Profesora principal de Carrera y coordinadora del área de Derecho Penal de la Facultad de Jurisprudencia de la Universidad del Rosario.

@MKamilaC

 

En Francia, Dominique Pelicot llevaba años mezclando somníferos con la comida de su esposa a quien, una vez inconsciente, violaba e invitaba a otros hombres a hacerlo. Durante varios años, más de 50 hombres violaron a Giséle Pelicot. Ella nunca supo lo que sucedía, solo se sentía enferma, adolorida y atemorizada por las lagunas mentales que tenía.

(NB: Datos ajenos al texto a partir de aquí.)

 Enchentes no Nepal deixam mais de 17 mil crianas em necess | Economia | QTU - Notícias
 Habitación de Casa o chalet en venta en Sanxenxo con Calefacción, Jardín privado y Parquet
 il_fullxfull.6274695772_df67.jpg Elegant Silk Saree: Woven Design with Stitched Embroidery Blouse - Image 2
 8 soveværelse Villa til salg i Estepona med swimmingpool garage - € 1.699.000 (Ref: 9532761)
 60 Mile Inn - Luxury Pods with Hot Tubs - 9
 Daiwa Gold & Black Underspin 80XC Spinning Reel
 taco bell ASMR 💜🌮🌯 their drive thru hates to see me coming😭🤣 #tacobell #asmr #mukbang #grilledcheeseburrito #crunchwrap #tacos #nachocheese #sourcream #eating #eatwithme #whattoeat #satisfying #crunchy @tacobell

El casó llegó a la justicia por pura casualidad. Resulta que el señor Pelicot, no contento con las atrocidades que cometía casi a diario en casa, disfrutaba grabando por debajo de las faldas de las mujeres en un centro comercial. Debido a esto, las autoridades lo identificaron y, cuando estaban buscando las grabaciones, encontraron los videos en los que diferentes hombres violaban a su esposa, mientras ella estaba completamente inconsciente.

Este semana inició el juicio en su contra, él no ha negado ningún cargo, y ella ha solicitado que todo sea público porque en una acto de valentía, dignidad y fortaleza, quiere que el mundo conozca la cara de todos y cada uno de sus agresores: “¡Que la vergüenza cambie de lugar!”, afirmó.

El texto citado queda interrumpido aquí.